%%

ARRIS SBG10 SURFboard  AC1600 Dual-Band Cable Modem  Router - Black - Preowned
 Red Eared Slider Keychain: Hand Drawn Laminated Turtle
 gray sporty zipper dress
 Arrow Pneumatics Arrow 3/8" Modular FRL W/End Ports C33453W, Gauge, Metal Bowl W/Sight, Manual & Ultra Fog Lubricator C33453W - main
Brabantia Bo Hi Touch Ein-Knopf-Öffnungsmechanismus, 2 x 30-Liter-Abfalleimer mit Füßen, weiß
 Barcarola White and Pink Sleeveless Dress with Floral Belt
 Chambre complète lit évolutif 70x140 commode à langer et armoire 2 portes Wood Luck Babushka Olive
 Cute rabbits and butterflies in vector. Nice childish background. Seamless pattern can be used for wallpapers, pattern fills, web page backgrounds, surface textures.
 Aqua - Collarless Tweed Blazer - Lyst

%%

Instructions for the task
All entries given above are to be printed again exactly.

Solution
ARRIS SBG10 SURFboard  AC1600 Dual-Band Cable Modem  Router - Black - Preowned
 Red Eared Slider Keychain: Hand Drawn Laminated Turtle
 gray sporty zipper dress
 Arrow Pneumatics Arrow 3/8" Modular FRL W/End Ports C33453W, Gauge, Metal Bowl W/Sight, Manual & Ultra Fog Lubricator C33453W - main
Brabantia Bo Hi Touch Ein-Knopf-Öffnungsmechanismus, 2 x 30-Liter-Abfalleimer mit Füßen, weiß
 Barcarola White and Pink Sleeveless Dress with Floral Belt
 Chambre complète lit évolutif 70x140 commode à langer et armoire 2 portes Wood Luck Babushka Olive
 Cute rabbits and butterflies in vector. Nice childish background. Seamless pattern can be used for wallpapers, pattern fills, web page backgrounds, surface textures.
 Aqua - Collarless Tweed Blazer - Lyst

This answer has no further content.